__WHAT IS REQUIRED__
Set down, exactly and only, everything from the line containing "Италия — чемпион" down to the line containing "新产业作品整理，（永裕竹业）（个人主页-ZMzY3NDc3MDQ=） - 电商" in the data below; the pictures are not part of the copy.

__GIVEN RECORDS__
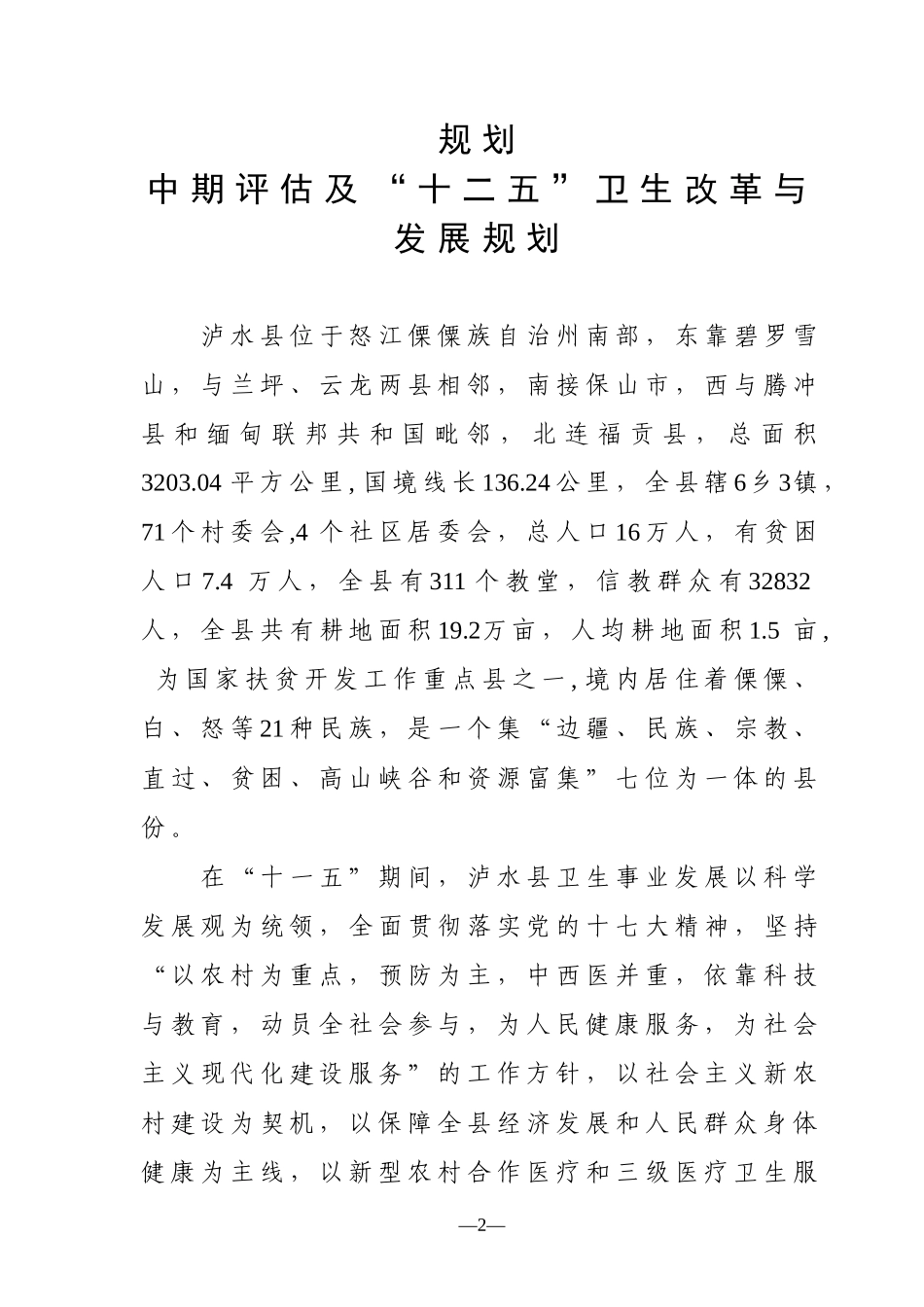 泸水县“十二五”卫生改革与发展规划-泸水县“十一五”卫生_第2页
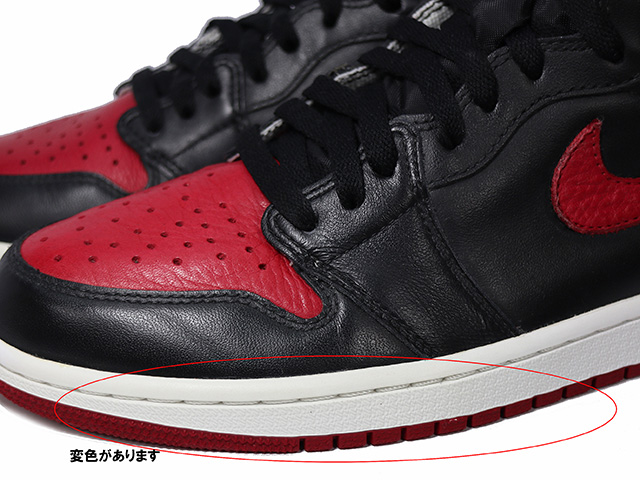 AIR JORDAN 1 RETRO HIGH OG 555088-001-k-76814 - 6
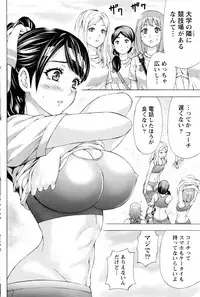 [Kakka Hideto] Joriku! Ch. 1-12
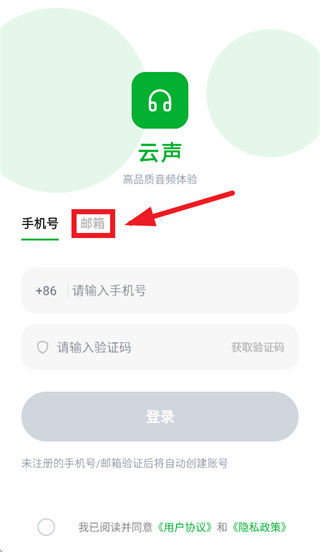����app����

--

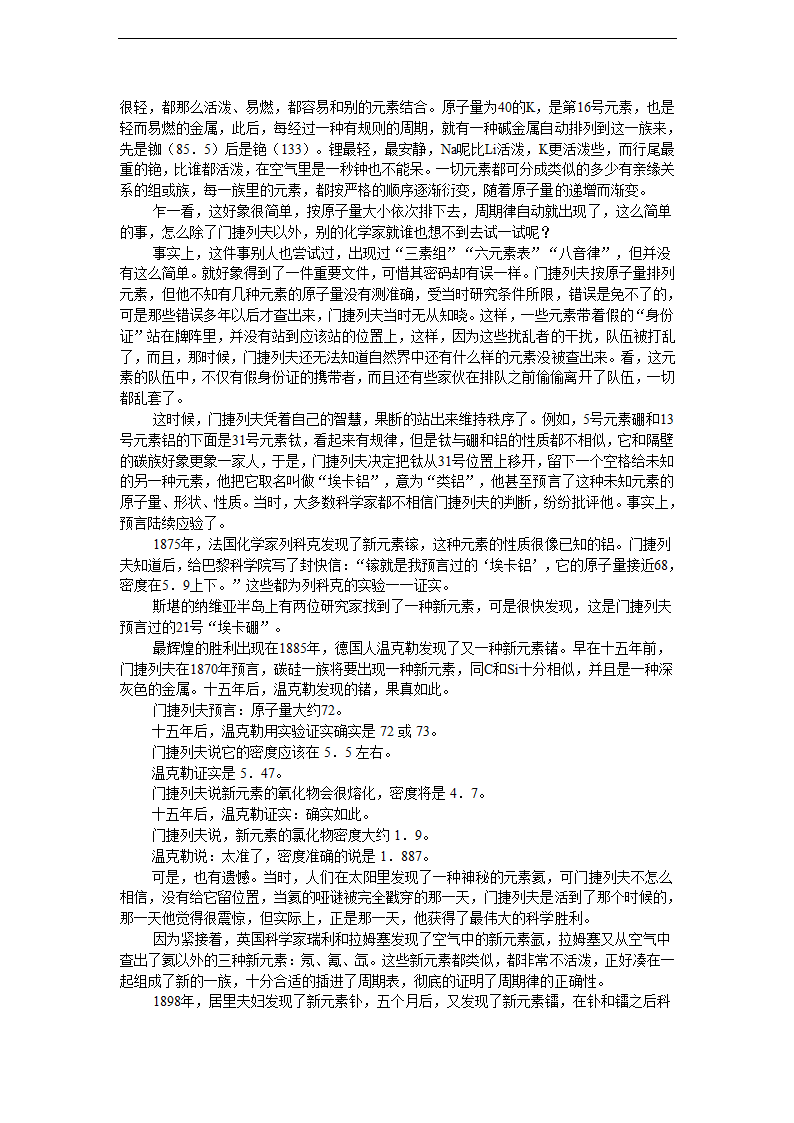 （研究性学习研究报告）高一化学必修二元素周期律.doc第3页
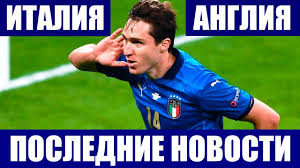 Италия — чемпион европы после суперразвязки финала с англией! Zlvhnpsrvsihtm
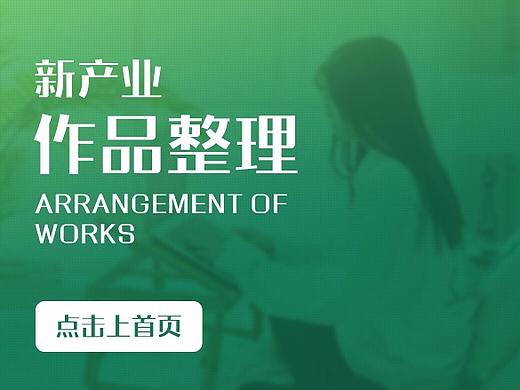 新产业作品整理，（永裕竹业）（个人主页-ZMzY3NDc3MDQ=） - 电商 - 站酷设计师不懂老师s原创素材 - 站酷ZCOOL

__WORKED SOLUTION__
 Италия — чемпион европы после суперразвязки финала с англией! Zlvhnpsrvsihtm
 新产业作品整理，（永裕竹业）（个人主页-ZMzY3NDc3MDQ=） - 电商 - 站酷设计师不懂老师s原创素材 - 站酷ZCOOL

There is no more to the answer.